No grin. Just a face of utmost seriousness for the cameras. And the salute.
“Now get out and stand beside your horse.”
Someone fetched the general’s horse. Standing next to his mount, he soaked up every ounce of that limelight for the cameras. It was probably the best day he ever had, in my humble Cajun opinion, until 1944 when he sloshed through the water on his triumphant “return” to Leyte, with his speech all typed out nice and proper and ready to be delivered to the grateful Filipinos.

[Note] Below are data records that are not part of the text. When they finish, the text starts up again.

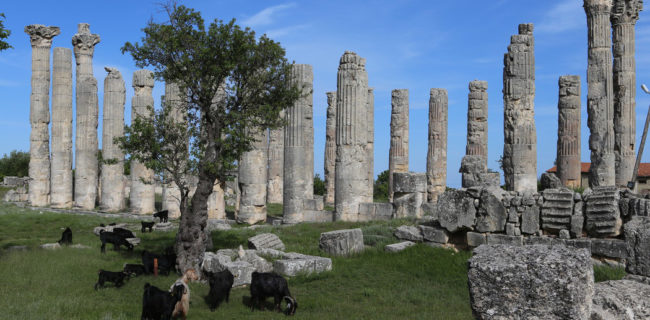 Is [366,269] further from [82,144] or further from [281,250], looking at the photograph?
[82,144]

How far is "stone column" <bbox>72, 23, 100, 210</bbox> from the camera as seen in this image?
33625 millimetres

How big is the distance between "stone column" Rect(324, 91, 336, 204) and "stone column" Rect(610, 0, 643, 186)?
691 inches

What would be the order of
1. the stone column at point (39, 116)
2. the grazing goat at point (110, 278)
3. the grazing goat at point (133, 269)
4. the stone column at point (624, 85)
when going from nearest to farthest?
the grazing goat at point (110, 278) → the grazing goat at point (133, 269) → the stone column at point (624, 85) → the stone column at point (39, 116)

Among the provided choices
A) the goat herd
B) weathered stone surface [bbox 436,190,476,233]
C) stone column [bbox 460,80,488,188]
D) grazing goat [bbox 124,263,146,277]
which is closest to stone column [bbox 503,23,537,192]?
weathered stone surface [bbox 436,190,476,233]

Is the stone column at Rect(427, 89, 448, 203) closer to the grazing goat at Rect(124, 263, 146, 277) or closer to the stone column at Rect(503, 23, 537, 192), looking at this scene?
the stone column at Rect(503, 23, 537, 192)

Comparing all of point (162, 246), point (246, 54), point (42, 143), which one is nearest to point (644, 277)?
point (246, 54)

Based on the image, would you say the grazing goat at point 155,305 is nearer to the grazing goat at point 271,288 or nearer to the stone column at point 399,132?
the grazing goat at point 271,288

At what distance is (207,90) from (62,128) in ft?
79.3

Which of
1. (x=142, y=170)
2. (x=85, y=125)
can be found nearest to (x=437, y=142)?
(x=142, y=170)

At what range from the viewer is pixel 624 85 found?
2769cm

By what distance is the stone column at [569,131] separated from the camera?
27.1 m

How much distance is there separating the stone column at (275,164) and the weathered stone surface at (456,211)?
16557 mm

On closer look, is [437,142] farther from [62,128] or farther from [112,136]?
[62,128]

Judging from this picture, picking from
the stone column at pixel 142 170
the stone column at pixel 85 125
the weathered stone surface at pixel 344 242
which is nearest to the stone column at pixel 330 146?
the stone column at pixel 142 170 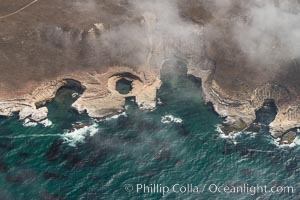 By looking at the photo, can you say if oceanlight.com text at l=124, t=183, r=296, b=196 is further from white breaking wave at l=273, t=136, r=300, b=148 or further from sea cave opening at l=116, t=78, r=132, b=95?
sea cave opening at l=116, t=78, r=132, b=95

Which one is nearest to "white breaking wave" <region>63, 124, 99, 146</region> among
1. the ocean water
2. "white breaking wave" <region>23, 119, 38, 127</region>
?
the ocean water

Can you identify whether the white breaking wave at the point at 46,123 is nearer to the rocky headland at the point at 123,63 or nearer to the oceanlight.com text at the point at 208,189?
the rocky headland at the point at 123,63

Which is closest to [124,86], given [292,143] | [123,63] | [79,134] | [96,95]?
[123,63]

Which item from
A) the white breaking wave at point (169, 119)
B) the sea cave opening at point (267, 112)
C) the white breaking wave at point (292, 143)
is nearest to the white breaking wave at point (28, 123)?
the white breaking wave at point (169, 119)

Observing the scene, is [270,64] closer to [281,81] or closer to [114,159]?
[281,81]

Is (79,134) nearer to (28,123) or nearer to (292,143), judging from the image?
(28,123)

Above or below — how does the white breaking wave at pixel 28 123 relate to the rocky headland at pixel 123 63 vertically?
below

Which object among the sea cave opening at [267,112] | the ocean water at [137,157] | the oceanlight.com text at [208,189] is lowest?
the oceanlight.com text at [208,189]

Odell used to ask me, years later, about my hatred of that corncob-pipe-smoking Napoleon, when the two of us were settled back down, him with his Vera and all those “chillren,” and me with my Peggy, who dared to take a chance on a forty-three-year-old confirmed bachelor with a little shrapnel still left in his ass and an itch to go off and fight in this new world war — an itch that was never going to get itself scratched. And I’d remind him that when the historians got out their pens, and the Hoovers (I’m also referring to that Commie-obsessed FBI squirrel) and Deputy Chief of Staff Moseley and Major Patton (Eisenhower, I think, was always embarrassed over the orders he had to follow on that sad day) got all their Communist-uprising bullshit knocked down by the truth of who it was who actually lived in those crowded mud-caked camps during those rainy weeks of June and July, 1932—when all was said and done and everybody knew the whole truth, folks would be reminded that it was Douglas MacArthur who deliberately disobeyed the president’s order not to send his avenging army across the 11th Street Drawbridge and upon the boggy fields of Anacostia that night. It was Douglas MacArthur who ignored a presidential order for the purpose of his own bastard glory. Sound a little familiar, don’t it?